Annette Bischof-Campbell: Ratgeber Psychologie

07.04.2005

Schluss mit Langeweile!

Wer immer gelangweilt ist, nimmt vielleicht seine Bedürfnisse nicht richtig wahr. Lösen Sie sich aus Gewohnheiten und brechen Sie zu neuen Ufern auf.

Sie sind gar nicht so selten: die ständig Gelangweilten, die nichts faszinieren kann. Die Arbeit nicht, die Beziehung nicht – und schon gar nicht das Fernsehprogramm. Manche von ihnen scheuen die Aktivität; sie motzen lieber über das miese Angebot der Welt und des Lebens. Andere geben ihre Langeweile nicht zu – auch sich selbst gegenüber nicht. Sie rennen von Termin zu Termin und stöhnen, wie gestresst sie sind. Dabei verdrängen sie, dass sie in sich nichts als Leere empfinden.

Kämpfen ist interessant

Warum herrscht bei so vielen Langeweile? Ausgerechnet heutzutage, wo die Möglichkeiten, sich selbst zu verwirklichen, so viel grösser sind als anno dazumal, wo der Alltag immer der ewig gleiche Überlebenskampf war? Weil dieser Kampf eben nicht langweilig war: Jeder Tag war ein Abenteuer mit ungewissem Ausgang. Davon ist der moderne Mensch hierzulande so weit entfernt wie nirgends sonst. In keinem Land ist das Leben so komfortabel, funktioniert der Alltag so reibungslos nach Plan wie in der Schweiz. Wer will, verharrt in dieser vertrauten Sicherheit des Voraussehbaren. Und riskiert, chronisch gelangweilt zu sein.
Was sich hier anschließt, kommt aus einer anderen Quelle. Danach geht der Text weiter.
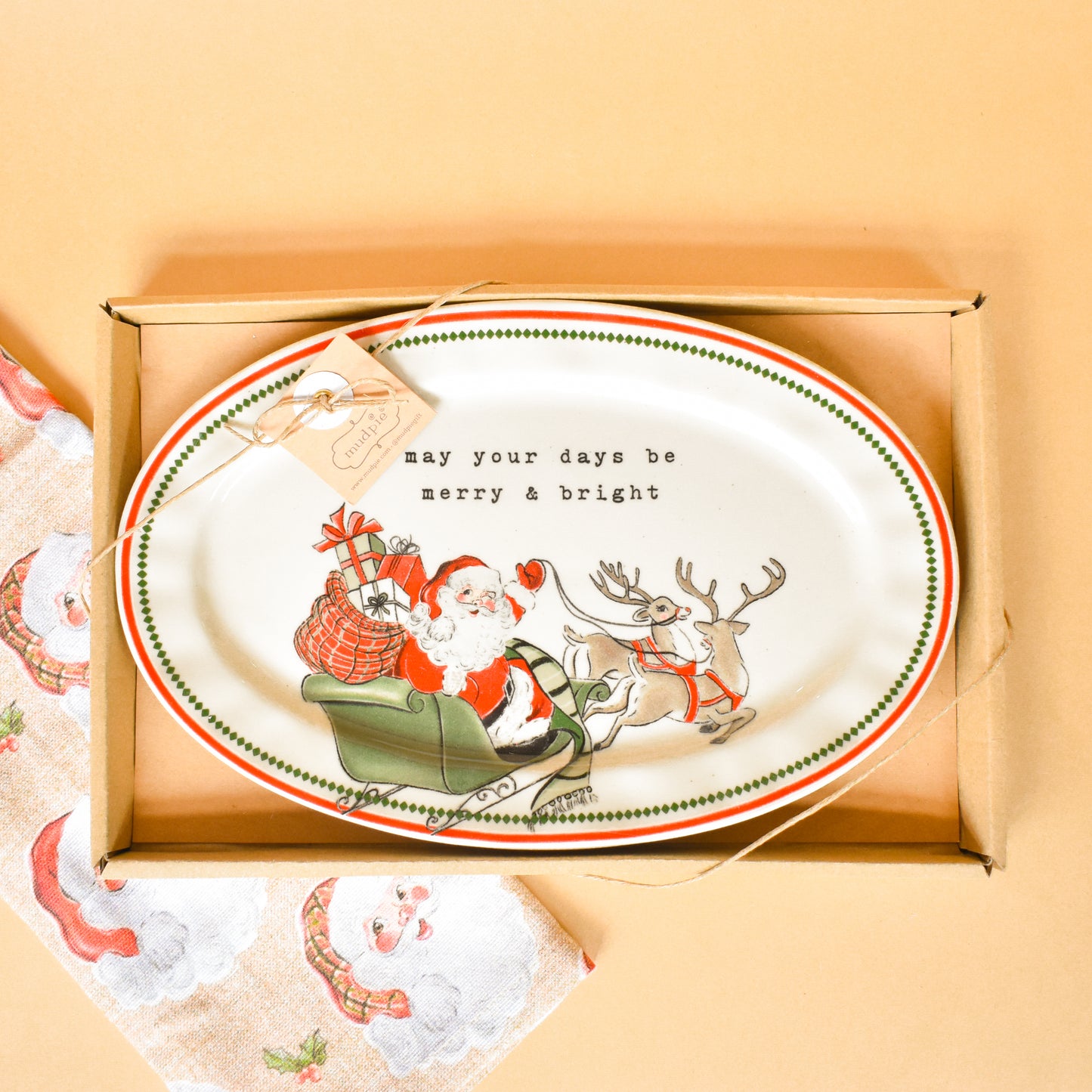 Merry Bright Sentiment Plate (mudpie)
Eigentlich ist Langeweile etwas Gutes. Sie ist der Antrieb, der Menschen aus der Sicherheit ins Abenteuer zieht. Ein Abenteuer ist etwa eine berufliche Neuorientierung, ein Umzug, ein Beziehungsende oder eine Familiengründung. Ein Abenteuer kann aber auch sein, im alten Umfeld neu aufzutreten: Dinge zu sagen und zu tun, die man früher nicht gesagt und getan hat. Einzig die Angst ist es, die Menschen zögern lässt, zu Abenteurern zu werden. Angst vor dem Versagen. Angst vor Kontrollverlust. Angst vor der Einsamkeit.

All diese Ängste sind berechtigt. Denn der Abenteurer gibt etwas Altbewährtes auf – ein Image, eine Rolle, über die er sich identifizierte und die er aus dem Effeff beherrscht. Er wird unsicher und verletzlich. Die Belohnung ist, dass er sich wieder wach fühlt. Dass er intensiv die ganze Gefühlspalette erlebt. Auch weniger schöne Gefühle. Er vertraut darauf, dass aus ihnen Glücksmomente entstehen werden, wie aus jedem Winter der Frühling entsteht.

Endlich aktiv werden

Der Abenteurer sieht, dass nicht die Welt oder das Leben, sondern er allein schuld daran ist, wenn er gelangweilt ist. Dass er die Langeweile nur überwinden kann, wenn er handelt, um seinen eigenen Bedürfnissen gerecht zu werden – und nicht, um anderen zu gefallen. Es ist so komfortabel, sich von vorgegebenen Meinungen und Regeln treiben zu lassen. Man sticht dann nicht heraus, man eckt nicht an. Und man zahlt dafür: mit der tiefen Unzufriedenheit, die der Kern der chronischen Langeweile ist.

Diese Unzufriedenheit widerspiegelt die Kluft zwischen dem, was man sein und tun will, und dem, was man meint, sein und tun zu müssen. Das grösste Abenteuer ist daher, zu sich selbst zu stehen. «Wer bin ich und was will ich?» Dies ist die erste Frage, die sich der Gelangweilte stellen sollte, bevor er dorthin geht, wo keine Leere ist, sondern eine bunte Schatztruhe aus Träumen und Wünschen – auf die Reise in sich selbst. Das ist sein erstes Abenteuer.